Extended Data Figure 2 E. coli FMN riboswitch-regulated reporter gene expression and ribocil-mediated inhibition and isolation of ribocilR mutations mapping to A. baumannii and P. aeruginosa FMN riboswitches.

a, GFP reporter constructs under the control of the intact E. coli ribB promoter and FMN riboswitch (EcPro-EcFMN–GFP), or replaced with the A. baumannii FMN riboswitch (EcPro-AbFMN–GFP) or P. aeruginosa FMN riboswitch (EcPro-PaFMN–GFP) are maintained in E. coli ribocilR mutant, M5 (Fig. 1e). Note, E. coli ribB upstream promoter sequence (EcPro) was fused to A. baumannii and P. aeruginosa FMN elements (AbFMN and PaFMN, respectively) to facilitate sufficient baseline expression in E. coli MB5746 host cells. b, Introduction of FMN riboswitch reporter plasmids into a ribocilR mutant strain background (M5) enables ribocil dose-dependent inhibition of GFP expression without inhibiting cell growth. Dose-response curve for 16 technical repeats of ribocil-mediated inhibition of EcPro-EcFMN–GFP expression is shown. c, Tabulated EC50 values (±s.d.) of ribocil required to inhibit EcPro-EcFMN–GFP, EcPro-AbFMN–GFP and EcPro-PaFMN–GFP expression. Data for EcPro-EcFMN–GFP are from eight independent experiments each with two technical repeats, whereas data for EcPro-AbFMN–GFP and EcPro-PaFMN–GFP are from two independent experiments each with four technical repeats. d, Schematic summary of E. coli recombineered ribB locus, EcPro-AbFMN-ribB, in which the endogenous FMN riboswitch is replaced with the A. baumannii FMN riboswitch. Below, predicted secondary structure of the A. baumannii FMN riboswitch and ribocilR mutations highlighted in red. e, Schematic summary of E. coli recombineered ribB locus, EcPro-PaFMN-ribB, in which the E. coli FMN riboswitch is replaced by the P. aeruginosa FMN riboswitch. Below, predicted secondary structure of the P. aeruginosa FMN riboswitch and ribocilR mutations highlighted in red.

Extended Data Figure 3 Ribocil mutant analysis; Ribocil:FMN competition binding and Ribocil–analogue binding studies.

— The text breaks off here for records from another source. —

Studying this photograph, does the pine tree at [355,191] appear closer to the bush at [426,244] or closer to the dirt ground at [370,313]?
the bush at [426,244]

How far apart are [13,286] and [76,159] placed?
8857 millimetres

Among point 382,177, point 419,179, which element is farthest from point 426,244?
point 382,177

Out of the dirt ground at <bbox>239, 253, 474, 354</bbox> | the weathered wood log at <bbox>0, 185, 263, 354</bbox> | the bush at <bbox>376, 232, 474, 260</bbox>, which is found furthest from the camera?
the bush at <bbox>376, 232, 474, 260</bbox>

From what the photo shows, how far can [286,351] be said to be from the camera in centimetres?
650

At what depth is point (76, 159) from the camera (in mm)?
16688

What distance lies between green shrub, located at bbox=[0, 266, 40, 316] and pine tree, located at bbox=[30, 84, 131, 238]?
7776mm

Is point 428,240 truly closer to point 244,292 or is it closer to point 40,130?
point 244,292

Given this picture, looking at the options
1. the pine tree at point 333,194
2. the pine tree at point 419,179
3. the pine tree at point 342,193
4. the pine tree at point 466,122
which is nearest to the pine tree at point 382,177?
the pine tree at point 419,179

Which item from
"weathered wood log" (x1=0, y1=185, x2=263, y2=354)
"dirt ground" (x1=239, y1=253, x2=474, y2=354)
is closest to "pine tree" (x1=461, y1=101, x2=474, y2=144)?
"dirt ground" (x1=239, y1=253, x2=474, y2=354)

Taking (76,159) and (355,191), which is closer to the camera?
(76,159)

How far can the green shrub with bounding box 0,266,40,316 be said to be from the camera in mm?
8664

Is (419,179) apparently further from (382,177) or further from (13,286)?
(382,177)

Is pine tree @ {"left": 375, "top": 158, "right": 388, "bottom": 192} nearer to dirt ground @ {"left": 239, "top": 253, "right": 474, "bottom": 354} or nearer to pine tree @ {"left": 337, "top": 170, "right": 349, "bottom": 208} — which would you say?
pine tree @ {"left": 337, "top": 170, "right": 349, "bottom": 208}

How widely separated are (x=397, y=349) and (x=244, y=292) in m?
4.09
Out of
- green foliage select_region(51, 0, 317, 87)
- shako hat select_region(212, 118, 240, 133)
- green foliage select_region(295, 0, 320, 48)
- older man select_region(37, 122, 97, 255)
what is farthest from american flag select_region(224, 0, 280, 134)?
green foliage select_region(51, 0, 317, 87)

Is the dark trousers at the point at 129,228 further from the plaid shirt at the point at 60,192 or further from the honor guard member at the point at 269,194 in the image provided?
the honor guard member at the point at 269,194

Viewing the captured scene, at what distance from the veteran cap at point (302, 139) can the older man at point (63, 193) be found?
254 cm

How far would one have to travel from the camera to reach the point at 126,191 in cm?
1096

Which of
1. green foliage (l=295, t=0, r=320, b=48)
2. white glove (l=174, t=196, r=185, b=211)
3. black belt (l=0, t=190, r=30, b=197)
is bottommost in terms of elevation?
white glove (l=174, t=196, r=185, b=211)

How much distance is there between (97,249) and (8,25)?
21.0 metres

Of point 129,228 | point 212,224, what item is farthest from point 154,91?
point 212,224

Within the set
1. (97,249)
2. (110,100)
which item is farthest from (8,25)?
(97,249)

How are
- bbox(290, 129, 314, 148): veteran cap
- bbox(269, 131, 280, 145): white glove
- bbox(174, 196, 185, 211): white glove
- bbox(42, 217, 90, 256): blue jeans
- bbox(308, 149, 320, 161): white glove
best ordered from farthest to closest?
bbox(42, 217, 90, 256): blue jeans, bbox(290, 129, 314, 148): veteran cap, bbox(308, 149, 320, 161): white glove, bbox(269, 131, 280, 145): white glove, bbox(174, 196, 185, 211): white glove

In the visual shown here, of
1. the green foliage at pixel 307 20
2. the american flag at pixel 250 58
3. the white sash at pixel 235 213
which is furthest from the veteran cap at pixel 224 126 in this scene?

a, Wild-type FMN and mutant constructs responsive to ribocil are displayed with a curve fit. Fluorescence was measured using 405 nm excitation and 510 nm emission and data represent the mean of two independent experiments (error bars indicate range). EC50, the maximum cell-density-adjusted fluorescence signal observed with no ribocil addition, and the maximum per cent inhibition of fluorescence for each construct is listed in the accompanying table. b, Wild-type RNA aptamer samples were separated on 1.2% agarose gels and visualized by ethidium bromide staining. c, Binding affinity for ribocil. Binding affinity to the E. coli FMN riboswitch aptamer is determined from ribocil dose-dependent competition against a fixed concentration of FMN (60 nM) and a fixed concentration of E. coli FMN riboswitch aptamer (150 nM). Shown is a representative example of ribocil competition data. Mean affinity (±s.d.) from four independent experiments for ribocil, ribocil-A, ribocil-B and ribocil-C is reported in the table (panel e of this figure). d, Chemical structure of ribocil-A, ribocil-B and ribocil-C. e, Steady-state _K_d, binding kinetics, riboflavin biosynthesis inhibition and minimum inhibitory concentration (MIC) in E. coli MB5746 for ribocil-A, ribocil-B and ribocil-C. Binding kinetics were determined using a competition method employing a fixed amount of FMN (60 nM) and E. coli FMN riboswitch (48 nM). FMN binding affinity and kinetics are determined by fluorescence quenching experiments (see Methods). Given the tight-binding conditions, both FMN and ribocil affinity values represent an upper limit. As a result, the _k_off values may also be an upper limit, and/or the _k_on values may be a lower limit. Inhibition of riboflavin biosynthesis after treatment of E. coli MB5746 with ribocil, ribocil-A, ribocil-B and ribocil-C for 20 h as described in Methods. Data for ribocil are the mean (±s.d.) of three independent experiments, for ribocil-B the mean (±s.d.) of four independent experiments and for ribocil-C the mean (error bars indicate range) of two independent experiments. MIC of ribocil, ribocil-A, ribocil-B and ribocil-C against E. coli MB5746 determined by the broth microdilution method.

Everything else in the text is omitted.